De son côté, l'avocate et la présidente de l'Association de lutte contre la torture, Me Radhia Nasraoui estime que la prochaine extradition de l'ancien Premier ministre de Kadhafi est motivée par des enjeux économiques liés aux promesses des autorités libyennes d'ouvrir leurs frontières à des centaines de milliers de travailleurs tunisiens. « C'est une humiliation pour tout le peuple tunisien. On ne peut pas sacrifier les principes pour obtenir des contrats d'embauche », déplore-t-elle.

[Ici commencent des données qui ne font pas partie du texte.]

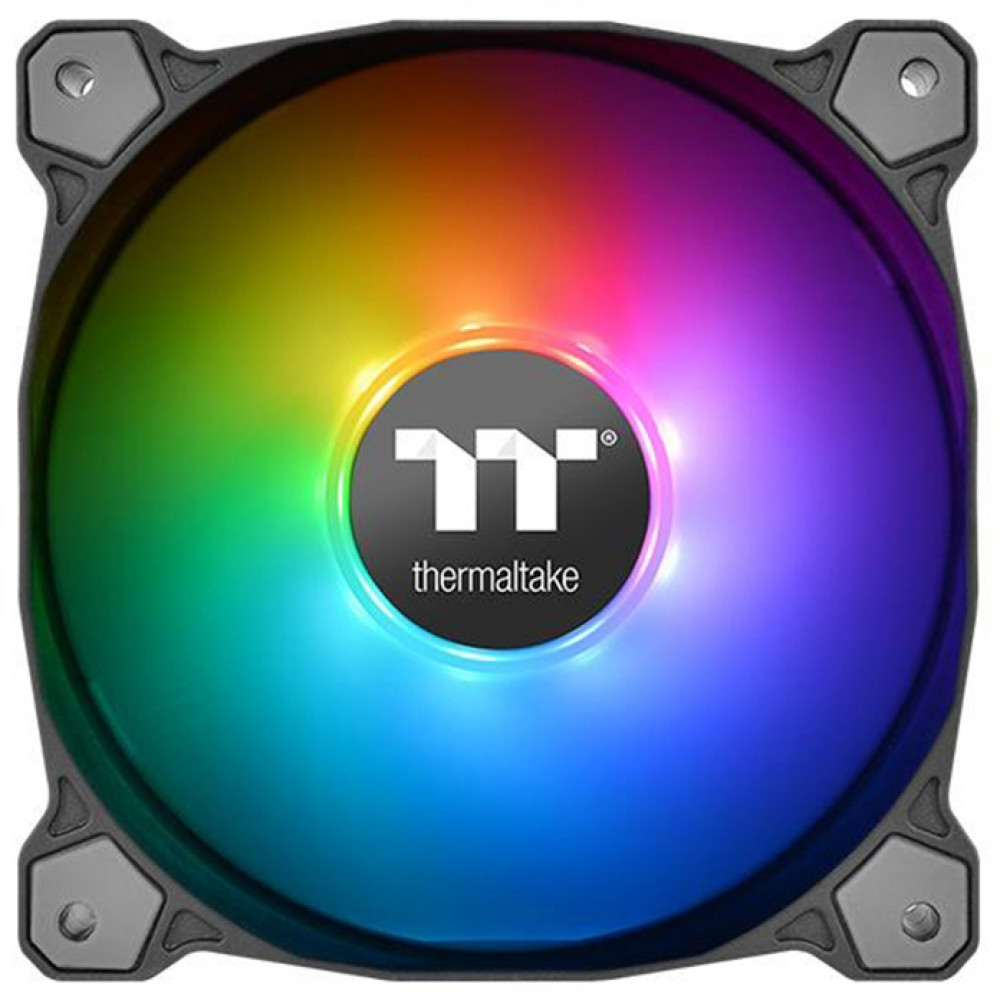 Система охлаждения Thermaltake Pure Plus 12 RGB TT Premium Edition 3-Fan Pack CL-F063-PL12SW-A - миниатюра 3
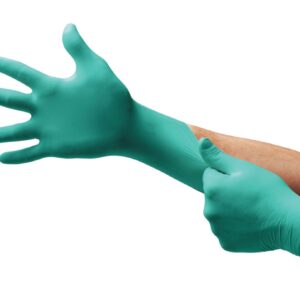 Ansell Touch N Tuff 92-500 Glove Green Size 09 Large (Box of 1000)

Coordinateur du comité de défense de M. Al-Mahmoudi, Me Mabrouk Kourchid évoque, quant à lui, une transaction d'ordre politique. « Il est certain qu'une transaction politique a été conclue entre les autorités tunisiennes et leurs homologues libyennes. Cette transaction est basée sur l'engagement des partis affiliés de l'organisation internationale à extrader les figurés des anciens régimes balayés par les révolutions arabes vers leurs pays d'origine», a déclare-t-il.
Risques sécuritaires
Me Kourchid note également que la décision prise par l'extradition de l'ex numéro deux libyen risque d'avoir des effets économiques et sécuritaires néfastes sur la Tunisie. « La tribu de Newayel à laquelle appartient Mahmoudi risque de s'attaquer aux intérêts économiques tunisiens en Libye », avertit-il.
L'accord de principe concernant l'extradition de M. Al-Mahmoudi, actuellement incarcéré dans une prison de Tunis et en grève de la faim, avait été pris en marge d'une visite du Premier ministre libyen Abdel Rahim al-Kib la semaine dernière à Tunis. « La Tunisie ne sera jamais un refuge pour quiconque représente une menace pour la sécurité de la Libye », avait alors déclaré le chef du gouvernement tunisien, Hamadi Jebali, lors d'un point de presse qu'il a tenu conjointement avec son homologue libyen.
Le porte-parole de la présidence de la République Adnène Mancer a, toutefois, contesté lundi, cette décision gouvernementale, indiquant qu' «elle est en dernier ressort de la compétence du chef de l'Etat».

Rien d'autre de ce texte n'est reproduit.